Andrew Hartig wrote:
> Rob (et al):
> 
> OMG - I can't believe that Rob's recordings aren't listed! For public 
> record, Rob HAS been a long time visitor and supporter. I KNOW those 
> recordings were listed -- I must have lost a page update when my laptop died.
> 
> Anyhow, Rob's recordings are great [no, I'm not getting paid to state this 
> :-) ]. I will be sure that they get listed shortly.
> 
> Rob brings up an interesting point: The cittern page started off as 
> "Renaissance," but there are obviously other interesting avenues to pursue. 
> What would others like to see the page include? I don't feel at all that 
> the Scottish cittern music of the 1650s is any more out of place than 
> Playford's publications of 1666.
> 

Having read my way through a huge volume about madrigals which dealt 
with what 'renaissance' really meant I'd say that Scottish 17th c 
cittern music probably isn't too 'late' for renaissance... because if 
anything it probably reflects much what folk had done with 
cittern-things before the renaissance, during the renaissance, and after 
the renaissance.

The cittern outburst on Rob's 'Flowers of the Forest' could almost be a 
McGuinn 12-string or Nashville tuning rythm guitar - sort of proving 
that taste for bright, airy, rythmic sound is enduring and permanent. 
Byrd to Byrds, no big problem. But it could also equally well be a bit 
of the slightly over-the-top music which Mary Queen of Scots indulged in 
whenever she struck camp with her retinue a century earlier (her habit 
of holding personal rock concerts constantly got her into trouble).
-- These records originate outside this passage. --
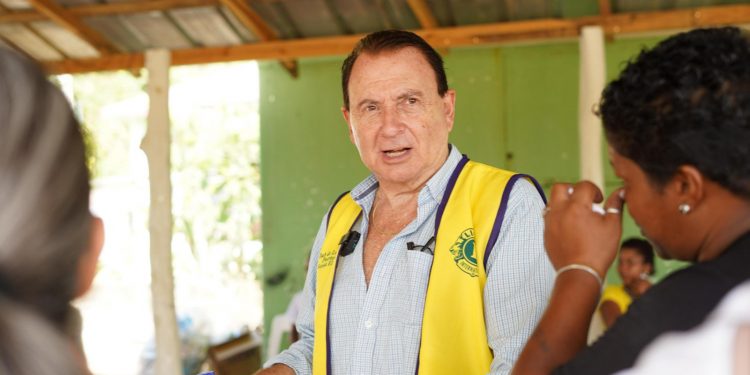 Michel Brukirer y Club de Leones llevan ayuda social a familias vulnerables de Puerto Plata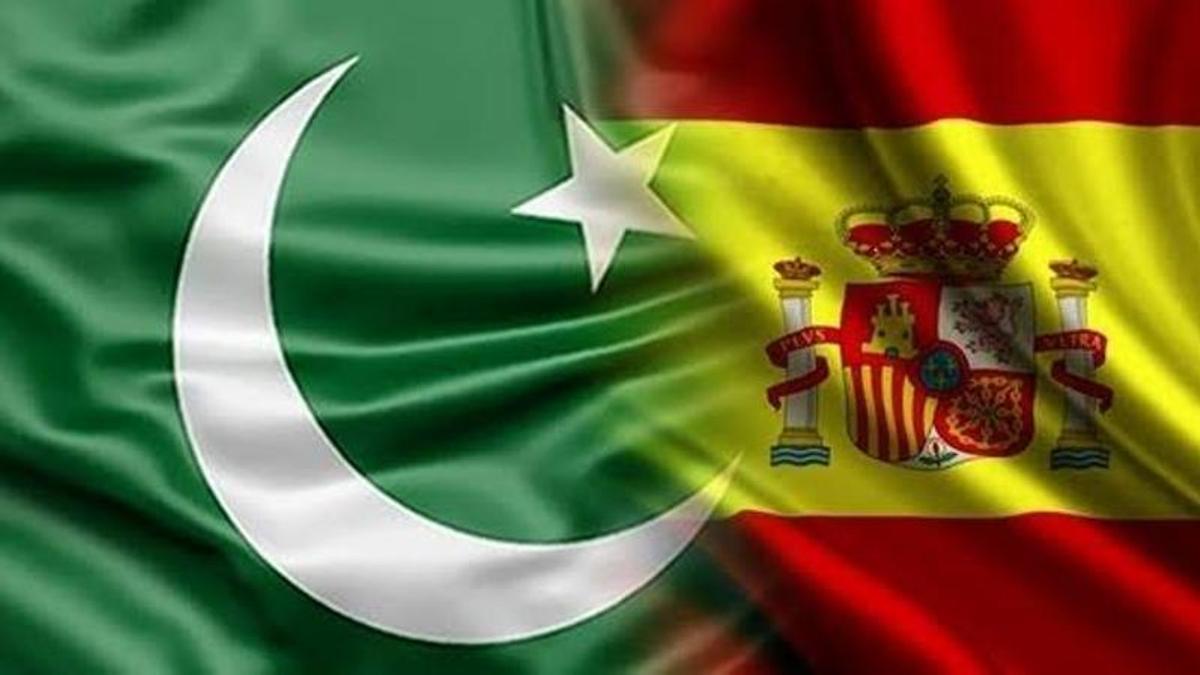 Banderas de Pakistán y España.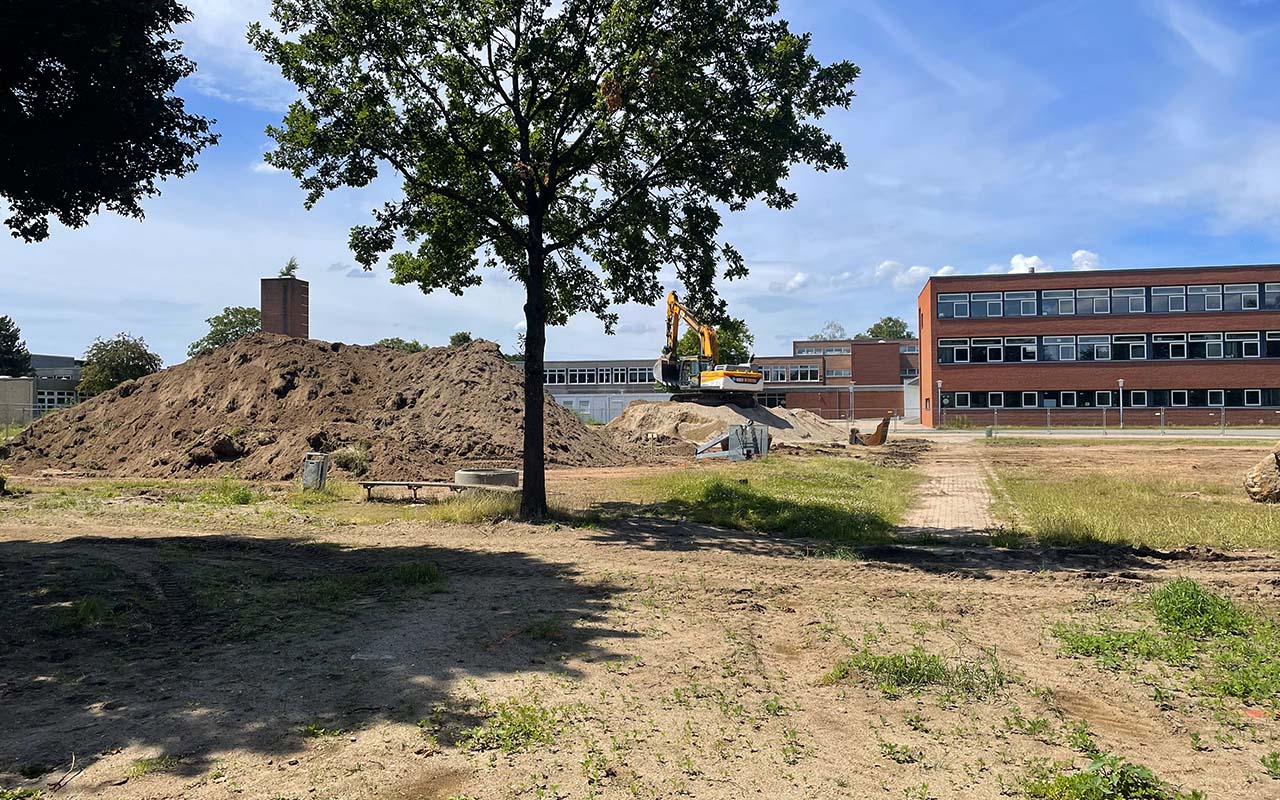Blick auf das Baufeld des Schulcampus Süd in Lehrte während der Erdarbeiten im Juli 2024. Die Aufnahme zeigt den Beginn der Bauphase mit Aushubarbeiten auf dem Gelände des Schulneubaus.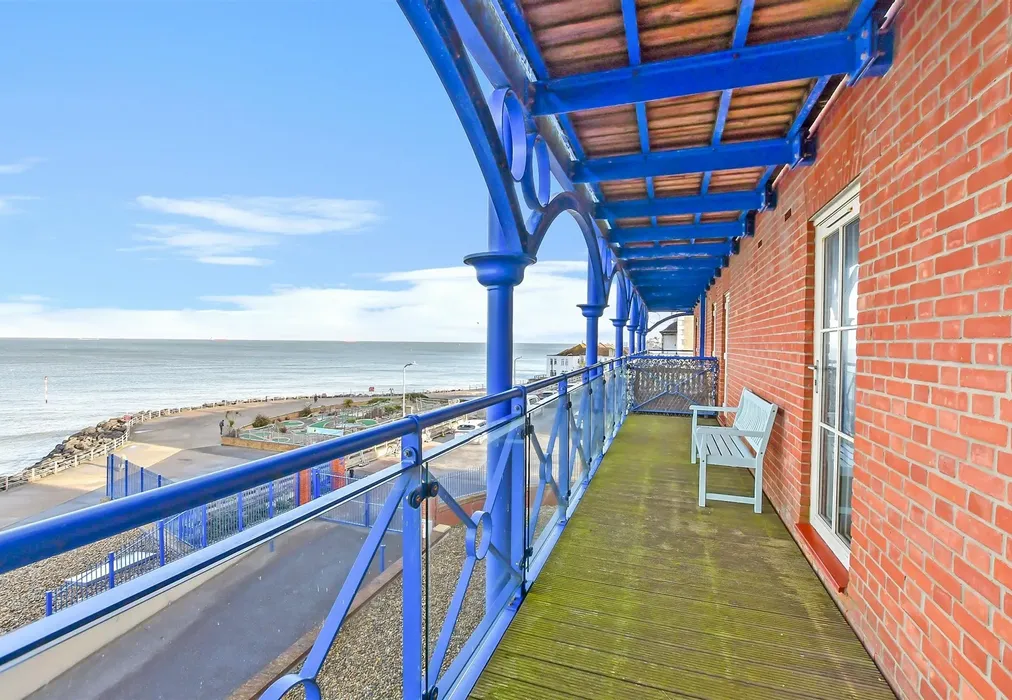 Balcony / Terrace - Canterbury Road, Margate, Kent - Wards of Kent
This Scottish music is often dismissed by academic classical musicians 
as being of no interest or merit, partly because they don't know 
Scottish music but mainly because it is not complex and rarely covers 
dozens of pages (or even bars...). To sound good it has to be played 
with a combination of precision and feeling, and with exactly the right 
kind of ornaments (and variations) which Rob manages to extrapolate from 
both baroque-classical technique and the continuing traditions of 
Scottish music. Most players have only been exposed to the former.

We should all remember that in the centuries involved, most people who 
could afford a cittern were permanently drunk and probably didn't know 
what century it was anyway. Even lute players would probably have failed 
a breathalyser test 12 hours of the day. We have a lot to live up to.